Depois de dizer que eu era uma bixa, um veado, uma vergonha, meu pai me obrigou a tirar a fantasia e ficar olhando enquanto ele a queimava no meio do quintal. Mais tarde, ainda aos gritos, ele me avisou, e à todos da família, que à partir daquele dia, eu seria o empregado da casa. Depois que todos jantaram, eu lavei a louça e limpei a cozinha e então ele mandou que eu fosse dormir. Lá nós sempre dormíamos tarde, mas naquele dia, às 22h todas as luzes estavam apagadas. Até as 22h30m.


Eu ainda não havia dormido, quando ele entrou no quarto onde meu irmão e eu dormíamos, me tirou da cama e disse:

- Quer saber, eu não vou sustentar um filho bixa dentro de casa. Levanta arruma as suas coisas numa mala que eu vou levar você pra um colégio interno.
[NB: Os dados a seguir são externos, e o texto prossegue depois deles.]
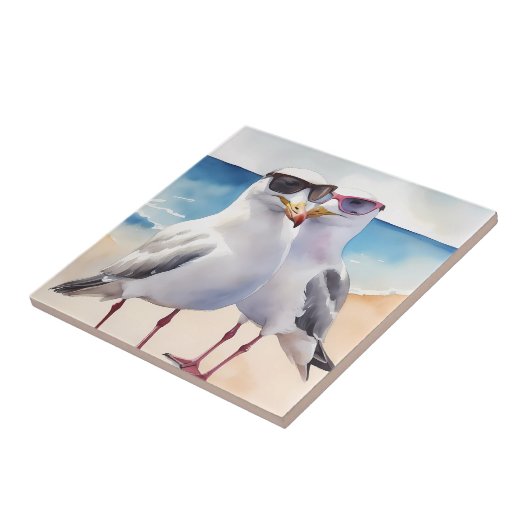 Twee Schattigee meeuwen verliefd Tegeltje (Zijkant)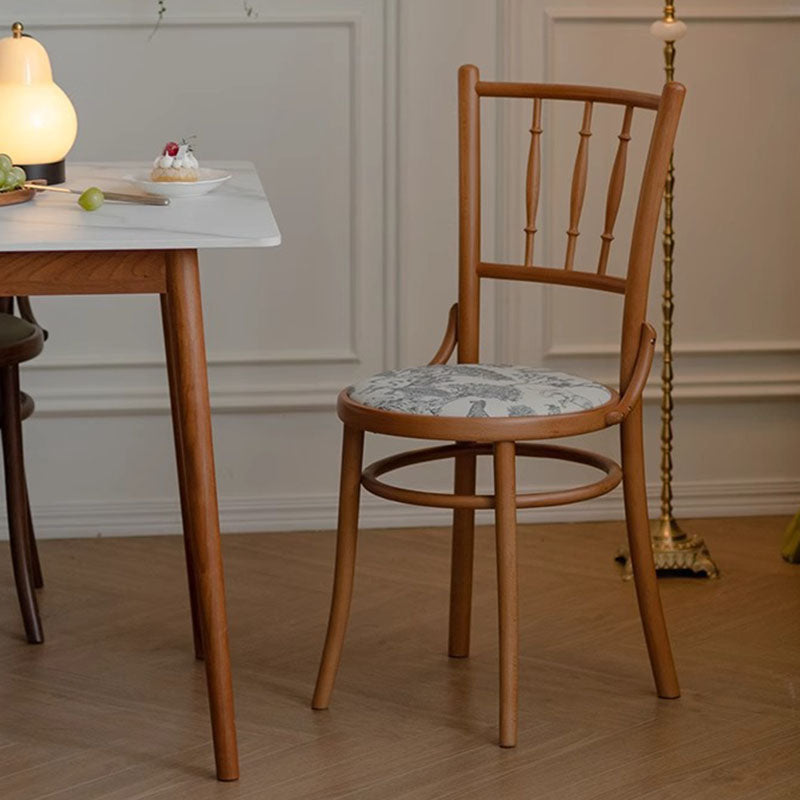 Traditional Vintage Round Cushion Solid Wood Linen Sponge Dining Chair Backrest For Dining Room
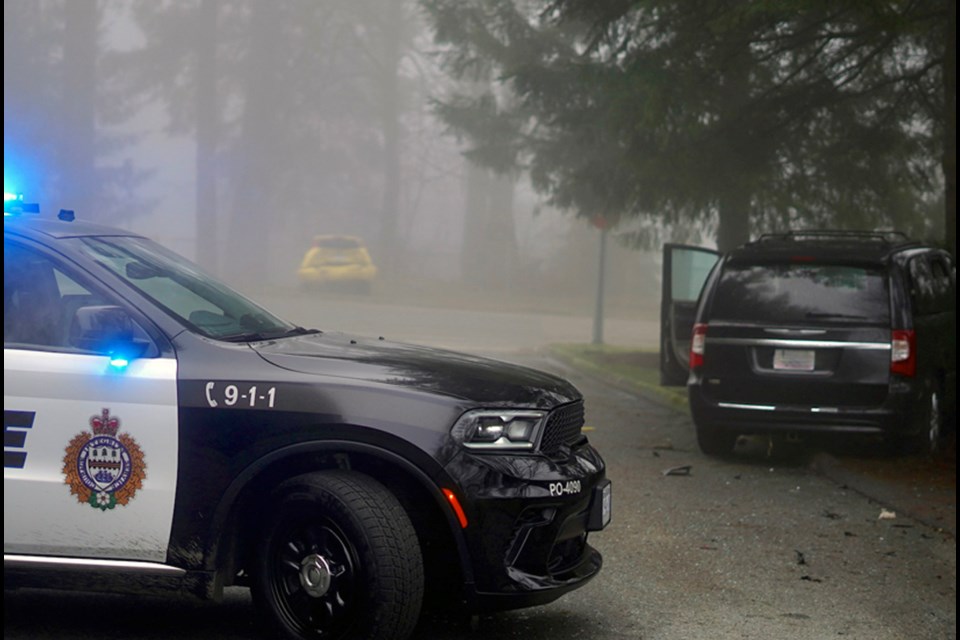 A minivan stolen in Burnaby crashed into a parked car and then a tree in Port Moody Wednesday.                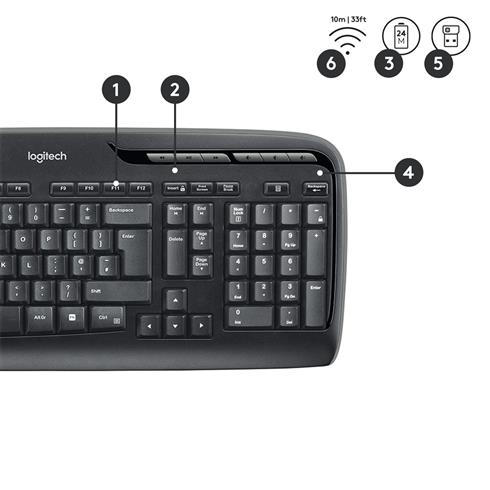 Logıtech MK330 Q TR MM Kablosuz Klavye Mouse Set Siyah 920-003988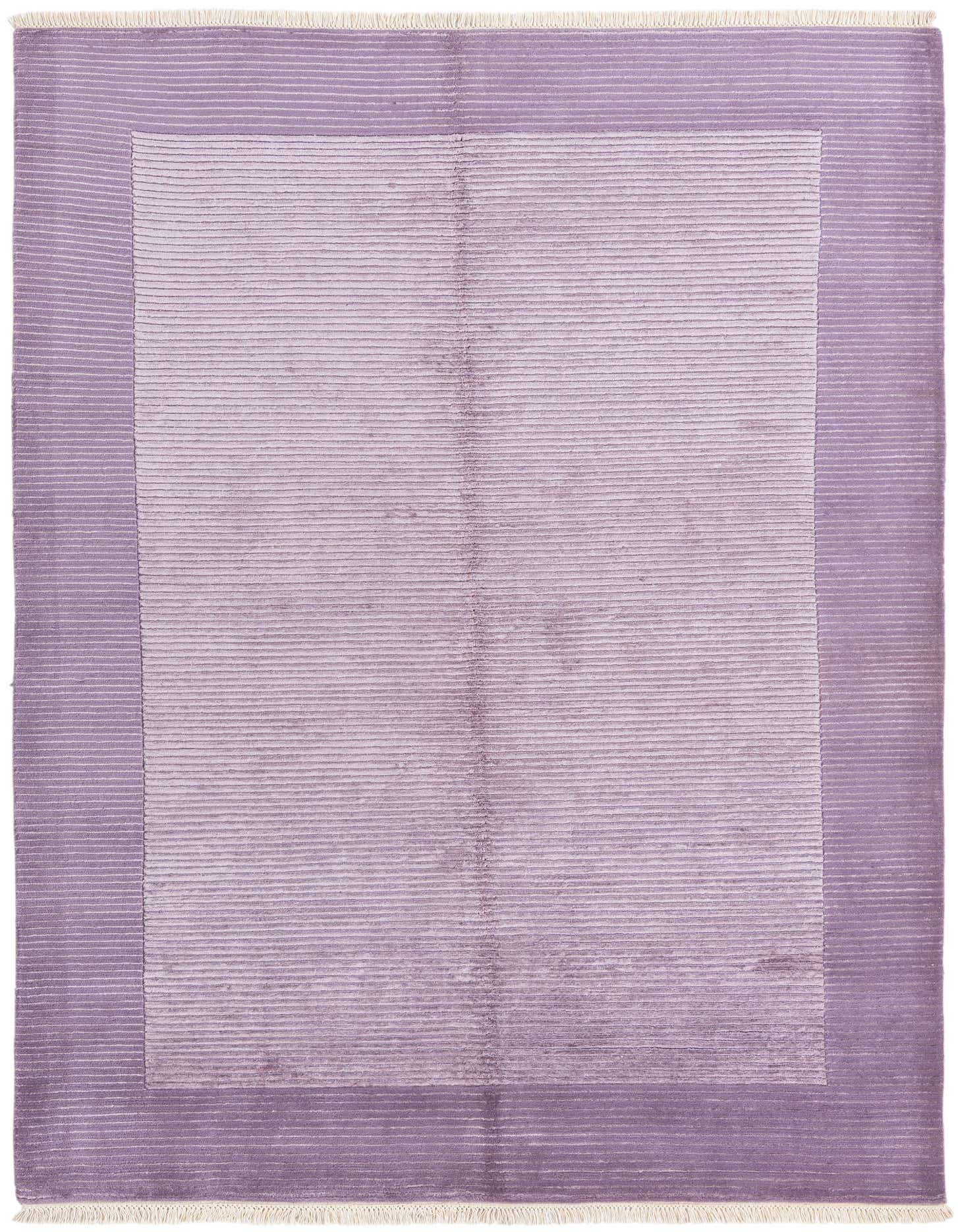 A 5x8 rectangular purple wool area rug featuring a modern oriental design with a lighter purple center and a darker purple border, both with horizontal ribbed textures.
Eu arrumei a mala e desci as escadas acompanhando ele. Lá embaixo, quando ele pegou as chaves do carro, minha irmã desceu correndo, entrou na frente do meu pai e pediu a ele que parasse. Ela apelou ao bom-senso dele, dizendo que ele se arrependeria se fizesse aquilo. Ele relutou um pouco, mas logo impôs sua condição para que eu pudesse permanecer morando em sua casa.
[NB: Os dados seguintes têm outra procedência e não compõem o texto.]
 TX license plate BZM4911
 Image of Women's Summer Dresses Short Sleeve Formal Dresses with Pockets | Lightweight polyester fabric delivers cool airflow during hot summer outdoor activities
- Eu só perdoo ele, se ele me pedir perdão de joelhos.


E foi assim que aos 12 anos, eu fui autorizada a permanecer morando na casa dos meus pais.
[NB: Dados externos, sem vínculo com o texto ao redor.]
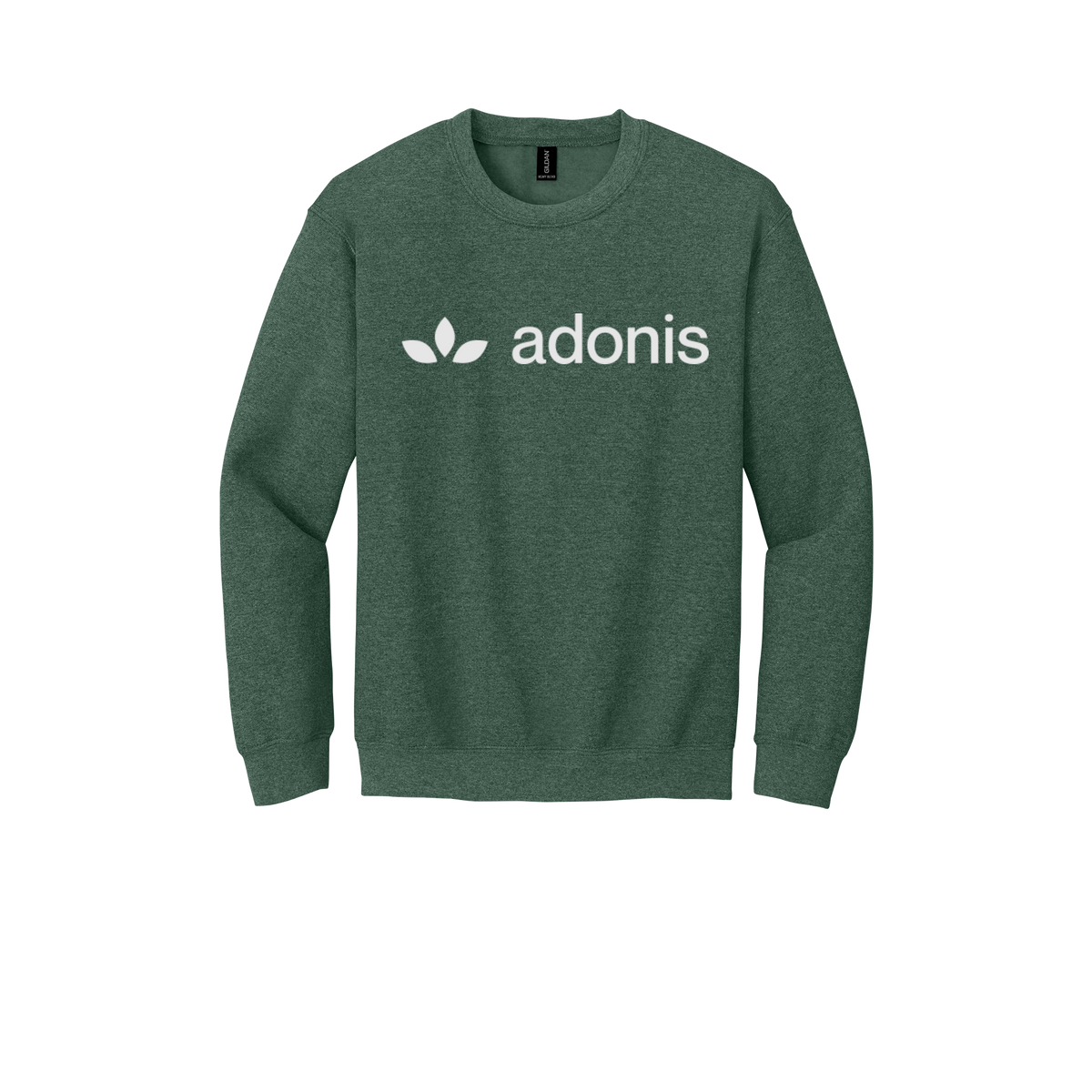 adonis-comfort-crewneck-dtf-front-18000-heathersportdarkgreen-flat-front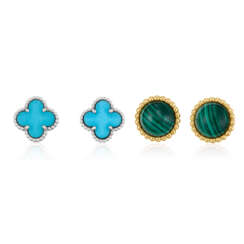 NO RESERVE | VAN CLEEF AND ARPELS MALACHITE 'PERLÉE' EARRINGS AND TURQUOISE 'SWEET ALHAMBRA' EARRINGS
Pode parecer lavação de roupa suja em público ou choramingo de travesti de classe média que deveria agradecer por não ter sido expulsa de casa, mas na verdade eu só queria compartilhar uma vivência pessoal, uma experiência difícil que enfrentei, e tentei escrever um texto leve.


Mas escrevendo eu percebi que eu não consigo falar sobre isso de um jeito bonito. Então já deixo aqui meu pedido de desculpas se você leitore se decepcionou com esse texto. Acho que eu me decepcionei um pouco também.

Minha intenção era tratar de uma maneira engraçada sobre uma vivência dolorosa para, talvez, ressignificá-la. Mas foi mais difícil do que pensei que seria, porque eu percebi que hoje eu sou uma mulher de 35 anos escrevendo sobre uma criança de 12 anos que passou por uma situação de abuso psicológico por parte de um adulto que deveria protegê-la. E percebi que estou escrevendo também sobre uma criança de 4 anos que presenciou essa violência, e que dormia no mesmo quarto que foi invadido aos berros no meio da noite, de onde viu o irmão ser arrancado da cama para ser levado embora.

E isso ficou registrado na minha memória e irá me acompanhar durante toda minha vida, e infelizmente, essa semana eu tive que contar essa história para o meu irmão, que hoje aos 28 anos descobriu que eu nunca tive uma fase gótica.